After presenting fundamental ideals of the pioneers, Green said that these could be applied today through realization of the need of a sense of inter-dependence and mutual responsibility . . . a need for a new respect for law and order, and respect for the laws of men which begins with respect for the laws of God.
He said that it behoves Masons to take up the battle against Godless forces and that they must meet the challenge of Communism fully and frankly, defend the constitution, American liberties and churches.
Green was introduced by Fred Swanson, Antioch, past potentate of Mizpah Temple, Mystic Shrine, and a thirty-third degree Mason, who served as master of ceremonies.
Swanson introduced, the Rev. L. H. Messersmith, pastor of the church in which the service was held, and who gave the invocation.
Miss Sue Weber of Lake Villa, sand, "Bless This House," and James F. Stiles III, sang "The Lord's Prayer."
Swanson recited "Verse to the Flag" which was immediately followed by portions of "My Country `Tis of Thee."
Further introductions included Phillip Anderson, past master of the Millburn Lodge and chairman of the Temple committee which through tireless efforts and the aid of the Eastern Star over many years made the new building possible.
"This event brings joy to everyone," said Anderson. "It was only brought about through the cooperation of the people."
District Deputy Marshall Erickson, Waukegan, praised the Millburn lodge for its accomplishment.
Deputy Grand Master Sonntag delivered his address at the church.

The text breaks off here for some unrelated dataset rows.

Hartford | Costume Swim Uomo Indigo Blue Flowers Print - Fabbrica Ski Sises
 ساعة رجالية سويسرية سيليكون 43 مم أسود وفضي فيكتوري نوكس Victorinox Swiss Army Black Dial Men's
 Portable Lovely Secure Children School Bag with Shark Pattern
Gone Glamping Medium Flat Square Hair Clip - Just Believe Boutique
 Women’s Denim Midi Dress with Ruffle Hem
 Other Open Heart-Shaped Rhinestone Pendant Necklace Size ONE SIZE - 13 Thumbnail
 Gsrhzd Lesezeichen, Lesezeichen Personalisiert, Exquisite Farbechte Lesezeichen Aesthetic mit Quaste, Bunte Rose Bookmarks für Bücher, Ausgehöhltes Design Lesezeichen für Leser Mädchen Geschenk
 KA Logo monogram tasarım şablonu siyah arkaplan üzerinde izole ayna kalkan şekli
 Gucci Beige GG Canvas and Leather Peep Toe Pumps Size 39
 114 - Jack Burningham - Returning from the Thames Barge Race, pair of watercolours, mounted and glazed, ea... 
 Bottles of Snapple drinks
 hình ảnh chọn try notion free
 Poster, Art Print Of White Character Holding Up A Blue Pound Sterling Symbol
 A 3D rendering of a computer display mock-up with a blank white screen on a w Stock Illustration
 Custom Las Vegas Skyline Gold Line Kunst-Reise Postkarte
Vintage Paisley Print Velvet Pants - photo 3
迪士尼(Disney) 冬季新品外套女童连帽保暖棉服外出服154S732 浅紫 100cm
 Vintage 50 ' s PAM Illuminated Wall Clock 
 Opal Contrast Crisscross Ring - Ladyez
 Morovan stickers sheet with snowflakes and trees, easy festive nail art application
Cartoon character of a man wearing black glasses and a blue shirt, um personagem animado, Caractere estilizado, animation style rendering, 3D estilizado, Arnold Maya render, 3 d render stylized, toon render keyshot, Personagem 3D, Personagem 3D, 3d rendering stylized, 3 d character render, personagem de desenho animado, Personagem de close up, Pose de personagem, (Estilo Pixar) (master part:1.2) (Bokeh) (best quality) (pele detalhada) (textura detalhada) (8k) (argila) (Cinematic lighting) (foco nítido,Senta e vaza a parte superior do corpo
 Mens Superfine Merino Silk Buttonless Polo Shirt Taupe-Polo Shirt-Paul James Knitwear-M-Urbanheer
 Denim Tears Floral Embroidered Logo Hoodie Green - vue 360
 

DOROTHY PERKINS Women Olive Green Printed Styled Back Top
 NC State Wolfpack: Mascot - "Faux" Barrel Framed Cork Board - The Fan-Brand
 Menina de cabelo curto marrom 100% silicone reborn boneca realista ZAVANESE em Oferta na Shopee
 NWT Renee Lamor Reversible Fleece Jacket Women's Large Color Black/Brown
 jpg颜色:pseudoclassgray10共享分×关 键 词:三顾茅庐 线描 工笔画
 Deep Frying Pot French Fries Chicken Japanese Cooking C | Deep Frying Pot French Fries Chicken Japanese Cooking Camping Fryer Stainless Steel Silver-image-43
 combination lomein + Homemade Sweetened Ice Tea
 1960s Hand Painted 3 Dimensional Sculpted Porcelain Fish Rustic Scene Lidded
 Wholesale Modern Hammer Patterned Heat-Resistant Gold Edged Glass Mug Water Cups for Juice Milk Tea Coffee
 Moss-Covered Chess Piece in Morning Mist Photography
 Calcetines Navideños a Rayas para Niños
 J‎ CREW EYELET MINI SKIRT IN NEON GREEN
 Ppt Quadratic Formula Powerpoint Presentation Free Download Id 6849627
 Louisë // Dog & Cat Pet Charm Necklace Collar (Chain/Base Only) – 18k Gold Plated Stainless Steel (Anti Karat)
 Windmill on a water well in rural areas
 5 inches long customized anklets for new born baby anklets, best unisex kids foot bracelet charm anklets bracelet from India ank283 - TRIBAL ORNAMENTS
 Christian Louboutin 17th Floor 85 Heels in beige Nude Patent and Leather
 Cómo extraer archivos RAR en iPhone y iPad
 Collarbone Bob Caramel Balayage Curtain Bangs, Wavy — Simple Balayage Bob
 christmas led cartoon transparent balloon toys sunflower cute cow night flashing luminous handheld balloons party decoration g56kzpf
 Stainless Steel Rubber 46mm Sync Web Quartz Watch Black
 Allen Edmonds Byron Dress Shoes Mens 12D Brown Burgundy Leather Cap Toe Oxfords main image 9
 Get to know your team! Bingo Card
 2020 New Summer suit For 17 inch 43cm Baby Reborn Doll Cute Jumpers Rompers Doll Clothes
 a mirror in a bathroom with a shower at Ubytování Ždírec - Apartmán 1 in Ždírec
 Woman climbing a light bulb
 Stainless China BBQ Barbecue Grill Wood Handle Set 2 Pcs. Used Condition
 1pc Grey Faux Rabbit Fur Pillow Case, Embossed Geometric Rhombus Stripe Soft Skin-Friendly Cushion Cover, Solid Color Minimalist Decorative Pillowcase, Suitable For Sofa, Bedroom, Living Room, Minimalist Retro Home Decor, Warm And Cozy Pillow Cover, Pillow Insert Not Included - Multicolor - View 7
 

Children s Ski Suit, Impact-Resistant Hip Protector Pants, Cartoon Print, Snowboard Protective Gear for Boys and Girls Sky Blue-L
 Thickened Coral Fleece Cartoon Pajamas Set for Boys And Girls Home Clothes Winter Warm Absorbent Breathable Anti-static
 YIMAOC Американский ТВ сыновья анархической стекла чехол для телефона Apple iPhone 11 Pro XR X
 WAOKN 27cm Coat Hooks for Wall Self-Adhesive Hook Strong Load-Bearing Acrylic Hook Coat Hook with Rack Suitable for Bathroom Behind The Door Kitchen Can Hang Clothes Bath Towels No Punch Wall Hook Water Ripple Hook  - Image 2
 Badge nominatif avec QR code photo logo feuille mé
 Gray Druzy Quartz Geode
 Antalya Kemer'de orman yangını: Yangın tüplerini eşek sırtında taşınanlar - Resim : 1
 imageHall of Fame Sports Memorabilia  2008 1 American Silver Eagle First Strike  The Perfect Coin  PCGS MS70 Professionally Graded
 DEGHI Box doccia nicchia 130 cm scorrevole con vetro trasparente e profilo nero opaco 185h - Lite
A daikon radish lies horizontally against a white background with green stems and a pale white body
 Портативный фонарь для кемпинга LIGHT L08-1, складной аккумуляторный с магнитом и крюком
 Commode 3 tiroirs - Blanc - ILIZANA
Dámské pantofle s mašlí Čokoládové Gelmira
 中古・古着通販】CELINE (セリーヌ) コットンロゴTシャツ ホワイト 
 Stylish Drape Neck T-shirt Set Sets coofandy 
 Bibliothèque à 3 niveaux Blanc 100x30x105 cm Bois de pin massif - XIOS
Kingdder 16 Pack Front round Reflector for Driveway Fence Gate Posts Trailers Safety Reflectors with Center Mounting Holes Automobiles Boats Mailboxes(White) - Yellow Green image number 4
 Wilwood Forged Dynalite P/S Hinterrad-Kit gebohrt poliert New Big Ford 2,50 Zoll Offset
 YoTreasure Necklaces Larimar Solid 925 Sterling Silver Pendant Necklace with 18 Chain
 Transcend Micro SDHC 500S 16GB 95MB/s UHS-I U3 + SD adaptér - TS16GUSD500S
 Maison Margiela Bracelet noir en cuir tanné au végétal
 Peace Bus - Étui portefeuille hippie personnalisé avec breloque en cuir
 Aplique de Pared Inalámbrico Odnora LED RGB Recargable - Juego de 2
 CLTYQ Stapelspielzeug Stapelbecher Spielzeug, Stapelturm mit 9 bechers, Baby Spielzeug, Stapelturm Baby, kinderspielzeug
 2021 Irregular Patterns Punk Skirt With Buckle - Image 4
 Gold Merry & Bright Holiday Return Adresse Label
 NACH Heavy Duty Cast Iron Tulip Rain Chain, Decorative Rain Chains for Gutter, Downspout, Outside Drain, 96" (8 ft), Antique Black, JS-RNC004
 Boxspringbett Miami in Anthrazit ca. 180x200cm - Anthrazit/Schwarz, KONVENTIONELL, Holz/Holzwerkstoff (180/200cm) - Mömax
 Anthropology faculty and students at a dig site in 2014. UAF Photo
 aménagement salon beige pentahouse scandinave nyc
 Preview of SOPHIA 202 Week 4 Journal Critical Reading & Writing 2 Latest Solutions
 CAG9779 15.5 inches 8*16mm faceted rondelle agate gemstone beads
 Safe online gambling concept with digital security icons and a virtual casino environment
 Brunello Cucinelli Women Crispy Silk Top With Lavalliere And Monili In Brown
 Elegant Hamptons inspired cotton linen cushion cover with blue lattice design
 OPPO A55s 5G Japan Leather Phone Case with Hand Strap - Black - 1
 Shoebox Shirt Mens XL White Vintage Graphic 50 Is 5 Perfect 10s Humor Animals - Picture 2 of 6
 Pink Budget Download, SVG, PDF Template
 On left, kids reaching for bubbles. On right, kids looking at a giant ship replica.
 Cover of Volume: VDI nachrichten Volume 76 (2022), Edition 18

He expressed admiration for a community as small as Millburn that could erect such a fine building.
He called for the fostering of ideals that respect the dignity of the home and mutual respect declaring that successful living comes first in the home, then in the church and thereafter can be found in Masonry.
Sonntag then called for the formation of the processions from the church to the new building 200 feet south on Route 45. The procession line included Harold R. Kopfmen, Grand Senior Warden, and James Green, grand treasurer, both of Chicago, and Dwight H. Green, grand orator.
Others appointed by the grand lodge to act for the occasion were Charles W. Smith, deputy grand master; Clarence Schwartz, junior warden; Theodore Engh, secretary; Thomas J. Negahay, chaplain; Allan Johnson, master of the Millburn lodge, pursuivant; William Peters, marshal; Louis L. Craver, standard bearer; Herbert P. Sargeant, sword bearer; Marshall Erickson, senior deacon; Harold Ross, junior deacon; Lloyd Graham, Carsten Hansen, Floyd Brokaw, stewards, Philip Anderson, master of the oldest lodge; Benjamin Cribb, principal architect, and Lawrence R. Gelman, tyler.
Honored through their participation in the ceremony of the laying of the cornerstone were Edward Martin, and James Reeves, fifty year members of the Millburn lodge.
Ideal weather conditions added to the success of the outdoor service.
Placed in the stone were the bylaws and history of the lodge and the Temple Association, lists of officials, past masters, and members, post matrons and patrons and members, of the Eastern Star, which was chartered April 26, 1906.
Following the service refreshments were served at the church.